Last week Paul Krugman, Nobel Prize winner in economics, considered that the problems in the banks of different industrialized nations will have a disinflationary effect and that will allow central banks slow down the rate hike rate or stop it outright.
But, since depositors move their money from small banks to large banks that are less likely to lend because they have more restrictions in their internal policies when there is a situation like the current one, bank credit will contract and there will be effects on growth.
Larry Summers, former Treasury Secretary, also speaking last week, said that the fact that savers won’t lose their money in banks is very positive. However, the credit crunch will be a reality for a while.
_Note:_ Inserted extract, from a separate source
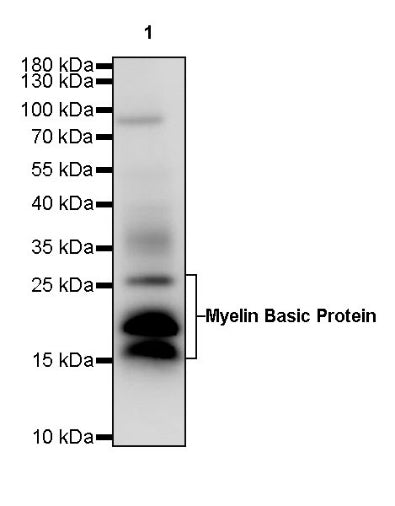 Myelin Basic Protein Recombinant Rabbit mAb (S-582-79)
He noted that while the Trump-era regulatory changes were not the best intentions or advice, they are not the reason for the current problems. They are due to poor bank management and poor supervision by the Fed. He believes that the SVB was an “outlier”, an isolated case, but that extreme cases tend to show paradigmatic issues. Henceforth, the current facility to open or close an account “with a click”, opens a new world in terms of risk and how “sticky” the deposits are.
For his part, Mohamed El-Erian, president of Queen’s College Cambridge and adviser to Allianz, the banks had poor supervision and, therefore, several have failed.
This will try to reverse with greater vigilance, adjustments to regulatory policies, and in the meantime, credit crunch at most banks, especially large institutionswhich are the ones that largely determine the credit flows in the economies.
How expensive will the credits be?
If we consider that between 2020 and the beginning of 2022 the reference rate in the United States was close to absolute zero, and despite the fact that not all loans were lent at said rate, a historically low cost was recorded.
It is estimated that there were corporate loans at 1 percent per year, something never seen before.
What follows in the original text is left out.